The chiselling serves to better specify the contours and to start the details using small chisels called irons. The shapes of the chisel irons depend on the use that Craftsman wants to make of them: There are smooth irons with a roundish head, others more pointed, those with small stars with stars or small circles etc. The art of chiselling is noble and ancient, already practited by Egyptians, Greeks and Romans.

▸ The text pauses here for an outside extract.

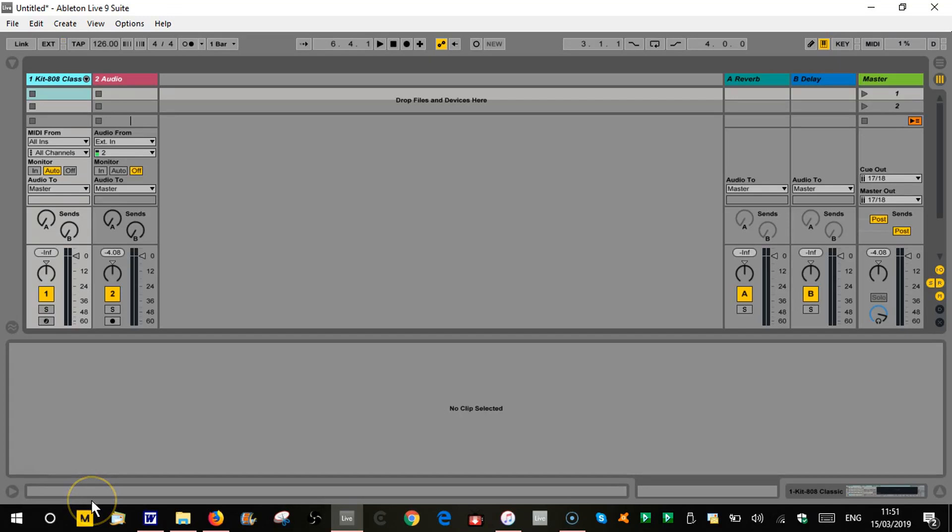Hello and welcome to part 15 of music production with Ableton Live. So this is the level 1 section so we're looking at all the basics and getting you all started.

Our Renaissance finds among its protagonists Cellini, Botticelli, Donatello etc.

The model for these wall-lights, known as à tète de bélier, is most commonly associated with the Parisian decorative designer, engraver and architect Jean-Charles Delafosse (1734-89). Pierre Verlet notes that the inventory of the prince de Condé at Palais Bourbon in 1779 includes a pair of wall-lights à tète de bélier with two candle branches that were delivered to him in 1771 by the marchand-mercler Quentin-Claude Pitoin.

The same marchand-mercler delivered two other similar pairs in 1775 ti Versailles; one was for the chambre de la comtesse de Provence and the other for the chamber de la comtesse d'Artois.

Another very similar pair of two-branched wall-lights but with a slightly different surmounting urn and additional swags hanging from the two branches was included in the Rothschild Collection, sold in London 23rd June 1999, lot 122. Further examples, again with two-lights can be found in the Residenz, Munich while others with three-lights were sold at Rudolph Lepke Berlin, 2nd April 1930 and can also be found in the Musée du Louvre, Paris.